I've recently developed two functions to functions to essentially convert a list of strings that look something like this (these strings are 101 characters long in my case):
['AGT', 'AAT']
To a numpy array:
array([[[[1],
         [0],
         [0],
         [0]],
        [[0],
         [1],
         [0],
         [0]],
        [[0],
         [0],
         [0],
         [1]]],
       [[[1],
         [0],
         [0],
         [0]],
        [[1],
         [0],
         [0],
         [0]],
        [[0],
         [0],
         [1],
         [0]]]])
The shape of which is [2, 3, 4, 1] in this case
At the moment, my code essentially defines one function, in which I define a dictionary, which is then mapped to a single input string, like so:
def sequence_one_hot_encoder(seq):
        
        import numpy as np
        mapping = {
        "A": [[1], [0], [0], [0]],
        "G": [[0], [1], [0], [0]],
        "C": [[0], [0], [1], [0]],
        "T": [[0], [0], [0], [1]],
        "X": [[0], [0], [0], [0]],
        "N": [[1], [1], [1], [1]]
        }
        encoded_seq = np.array([mapping[i] for i in str(seq)])

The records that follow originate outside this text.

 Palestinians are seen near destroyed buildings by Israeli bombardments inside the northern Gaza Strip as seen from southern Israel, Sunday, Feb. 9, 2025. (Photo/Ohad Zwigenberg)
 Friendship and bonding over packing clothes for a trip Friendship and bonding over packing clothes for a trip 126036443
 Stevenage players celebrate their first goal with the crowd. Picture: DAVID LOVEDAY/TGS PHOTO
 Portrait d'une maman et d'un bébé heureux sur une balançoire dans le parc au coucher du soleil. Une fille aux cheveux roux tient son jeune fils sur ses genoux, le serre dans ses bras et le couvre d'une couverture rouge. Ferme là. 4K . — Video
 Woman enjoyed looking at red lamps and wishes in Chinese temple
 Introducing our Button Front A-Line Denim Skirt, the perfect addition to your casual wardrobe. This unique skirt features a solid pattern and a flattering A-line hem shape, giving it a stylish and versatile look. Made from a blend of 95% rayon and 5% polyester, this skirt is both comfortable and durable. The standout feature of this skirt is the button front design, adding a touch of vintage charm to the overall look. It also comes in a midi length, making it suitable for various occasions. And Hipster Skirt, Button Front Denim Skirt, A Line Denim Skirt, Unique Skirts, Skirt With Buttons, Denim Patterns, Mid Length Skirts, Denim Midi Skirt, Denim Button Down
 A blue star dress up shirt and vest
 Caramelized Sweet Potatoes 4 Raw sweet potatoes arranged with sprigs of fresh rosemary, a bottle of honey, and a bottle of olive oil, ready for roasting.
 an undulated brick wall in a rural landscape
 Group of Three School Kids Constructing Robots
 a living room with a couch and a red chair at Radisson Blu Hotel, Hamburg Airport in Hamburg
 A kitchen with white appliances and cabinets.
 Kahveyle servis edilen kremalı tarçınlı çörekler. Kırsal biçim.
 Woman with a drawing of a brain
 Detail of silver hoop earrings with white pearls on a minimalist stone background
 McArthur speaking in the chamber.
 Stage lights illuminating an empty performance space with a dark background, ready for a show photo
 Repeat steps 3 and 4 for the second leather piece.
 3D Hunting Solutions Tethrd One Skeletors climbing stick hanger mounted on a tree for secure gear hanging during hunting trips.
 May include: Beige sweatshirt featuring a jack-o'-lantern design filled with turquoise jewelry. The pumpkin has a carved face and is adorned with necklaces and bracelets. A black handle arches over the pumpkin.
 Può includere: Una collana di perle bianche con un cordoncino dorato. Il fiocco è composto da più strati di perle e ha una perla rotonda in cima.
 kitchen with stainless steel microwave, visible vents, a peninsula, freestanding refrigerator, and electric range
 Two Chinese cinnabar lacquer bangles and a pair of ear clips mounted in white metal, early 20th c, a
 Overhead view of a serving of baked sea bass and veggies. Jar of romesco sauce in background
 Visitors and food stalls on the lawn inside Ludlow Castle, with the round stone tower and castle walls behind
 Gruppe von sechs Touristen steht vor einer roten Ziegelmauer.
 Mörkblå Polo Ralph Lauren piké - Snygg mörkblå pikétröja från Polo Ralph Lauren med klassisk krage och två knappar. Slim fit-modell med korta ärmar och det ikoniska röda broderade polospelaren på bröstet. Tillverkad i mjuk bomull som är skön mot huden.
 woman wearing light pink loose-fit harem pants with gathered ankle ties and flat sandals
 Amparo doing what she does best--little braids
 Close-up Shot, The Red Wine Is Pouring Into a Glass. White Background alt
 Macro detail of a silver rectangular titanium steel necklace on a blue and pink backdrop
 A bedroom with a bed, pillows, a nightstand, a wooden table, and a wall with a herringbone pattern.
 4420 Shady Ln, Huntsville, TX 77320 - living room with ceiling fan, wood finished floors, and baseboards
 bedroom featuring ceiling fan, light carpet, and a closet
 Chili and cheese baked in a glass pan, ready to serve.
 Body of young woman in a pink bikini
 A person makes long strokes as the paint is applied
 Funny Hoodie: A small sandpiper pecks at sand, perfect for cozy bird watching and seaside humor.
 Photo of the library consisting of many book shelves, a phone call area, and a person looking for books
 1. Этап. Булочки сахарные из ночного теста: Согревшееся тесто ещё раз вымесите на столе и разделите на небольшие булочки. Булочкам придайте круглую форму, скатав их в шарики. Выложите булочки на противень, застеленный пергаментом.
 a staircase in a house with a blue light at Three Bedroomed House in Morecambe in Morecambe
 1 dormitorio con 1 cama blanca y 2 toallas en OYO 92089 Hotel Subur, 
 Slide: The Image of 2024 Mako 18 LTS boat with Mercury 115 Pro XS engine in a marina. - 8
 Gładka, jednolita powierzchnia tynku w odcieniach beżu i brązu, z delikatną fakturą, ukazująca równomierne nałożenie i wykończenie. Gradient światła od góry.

        return(encoded_seq)
Following from this, I then create another function to map this function to my list of strings:
def sequence_list_encoder(sequence_file):
    
    import numpy as np
    
    one_hot_encoded_array = np.asarray(list(map(sequence_one_hot_encoder, sequence_file)))
    print(one_hot_encoded_array.shape)
    return(one_hot_encoded_array)
At the moment, for a list containing 1,688,119 strings of 101 characters, it's taking around 7-8 minutes. I was curious if there was a better way of rewriting my two functions to reduce runtime?